Navigation auf uzh.ch
Während bei Männern halb so oft eine Depression diagnostiziert wird wie bei Frauen, findet man bei Männern höhere Raten von Alkohlkonsumstörungen («alcohol use disorders», AUDs) und Suizid. Daher wird angenommen, dass es ein männerspezifisches Depressionsbild gibt, welches mit AUDs und suizidalem Verhalten zusammenhängt. Verschiedene Mechanismen könnten diesem spezifischen männertypischen Symptombild zugrunde liegen.
Das Hormon Testosteron, welches als Endprodukt aus der Hypothalamus-Hypophysen-Gonaden-Achse (HHGA) entspringt, zeigte sich bisher als mutmasslichen Biomarker einer Depression. So zeigte sich, dass Männer mit einem Testosteronmangel (Hypogonadismus) eine höhere Wahrscheinlichkeit für die Entwicklung einer Depression aufweisen und Testosteronbehandlungen erzielten einen positiven Effekt auf die Stimmung bei Männern. Es gibt aber auch Studien, die keinen konsistenten Zusammenhang zwischen Stimmung und Testosteron bei Männern zeigen. Allerdings handelt es sich da um heterogene Populationen. Statistische Analysen zeigen, dass es sinnvoller ist, spezifische Subgruppen, welche ein tieferes Testosteronlevel aufweisen, zu betrachten, da bei diesen der Zusammenhang zwischen Testosteronlevel und Depression ausgeprägter ist.
Im Weiteren weisen depressiv erkrankte Personen eine dysregulierte Hypothalamus-Hypophysen-Nebennierenrinde-Achse (HHNA) auf. Cortisol, welches das Endprodukt der HHNA ist, tendiert dazu, bei depressiv erkrankten Personen signifikant erhöht zu sein. Bei der Betrachtung von Befunden zu Cortisol und Depression gilt es, wichtige Moderatoren zu betrachten, da die Methodik (z.B. Tageszeit der Cortisolmessung), der Depressionssubtyp und die Stichprobencharakteristiken (z.B. Alter, Symptomstärke) die Cortisolkonzentration beeinflussen können.

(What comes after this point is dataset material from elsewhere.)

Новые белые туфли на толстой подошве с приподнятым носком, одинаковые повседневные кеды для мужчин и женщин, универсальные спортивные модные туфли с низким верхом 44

Andere neuroaktive Steroide wie Dehydroepiandrosteron (DHEA) und Östradiol werden ebenfalls mit dem Beginn und der Aufrechterhaltung von Depressionen in Zusammenhang gebracht. Sie könnten einen potentiell antidepressiven Effekt aufweisen, was sich in bisherigen Studien zeigte.
Der Konsum von Alkohol trägt zu einer Aktivierung der HHNA bei. Diese Aktivierung wird bei starkem Konsum chronisch. Zudem erfolgt ein Verlust des normalen Cortisolsekretionsmusters. Im Gegensatz dazu wird die HHGA gehemmt, was die Testosteronproduktion unterdrückt. Dies könnte dann wiederum zu einer depressiven Stimmung beitragen und zu den hohen Suizidraten führen, welche bei Männern mit Depression und komorbidem AUD beobachtet werden.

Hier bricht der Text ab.